*Work request*: Reproduce the listing that follows character for character, excluding its pictures.

*Given data*:
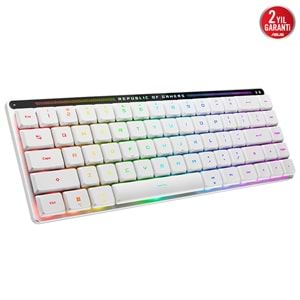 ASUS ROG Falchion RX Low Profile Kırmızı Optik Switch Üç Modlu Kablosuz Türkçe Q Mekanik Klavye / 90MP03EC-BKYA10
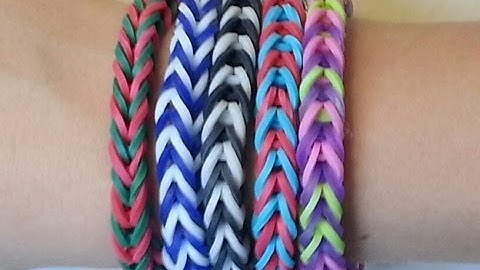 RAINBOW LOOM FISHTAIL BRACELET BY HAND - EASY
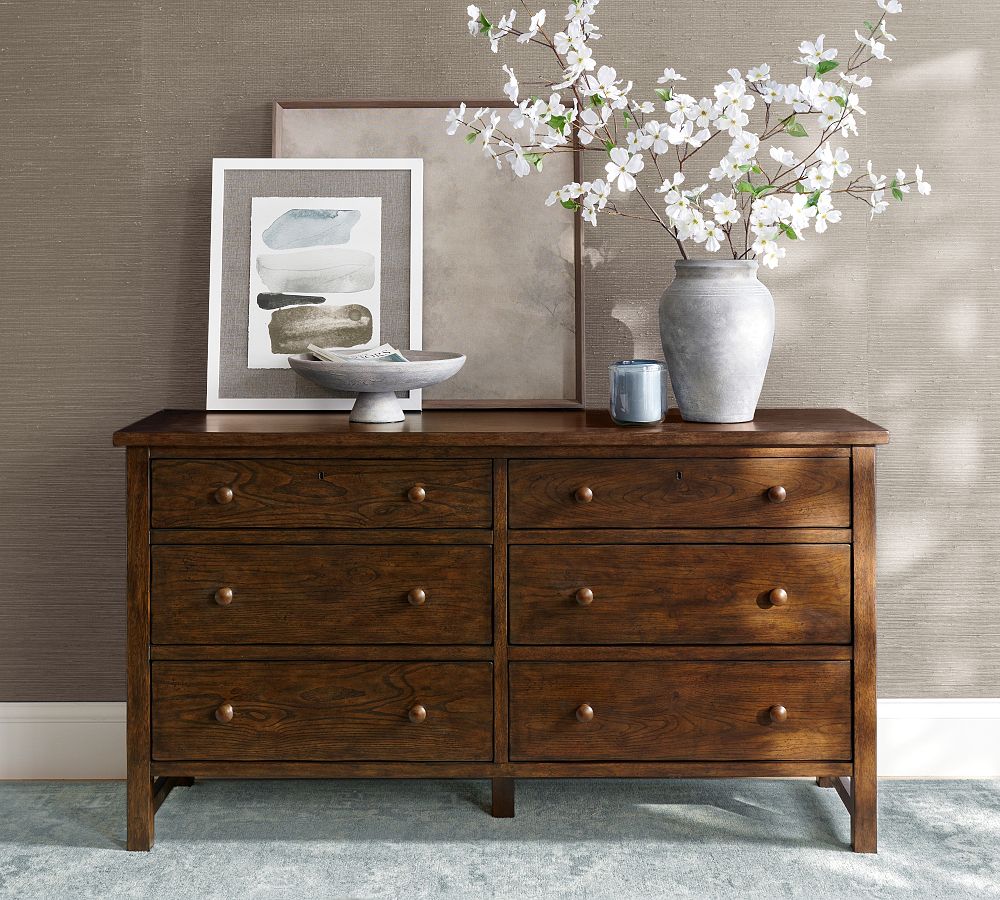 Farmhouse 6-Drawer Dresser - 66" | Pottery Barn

*Written response*:
 ASUS ROG Falchion RX Low Profile Kırmızı Optik Switch Üç Modlu Kablosuz Türkçe Q Mekanik Klavye / 90MP03EC-BKYA10
 RAINBOW LOOM FISHTAIL BRACELET BY HAND - EASY
 Farmhouse 6-Drawer Dresser - 66" | Pottery Barn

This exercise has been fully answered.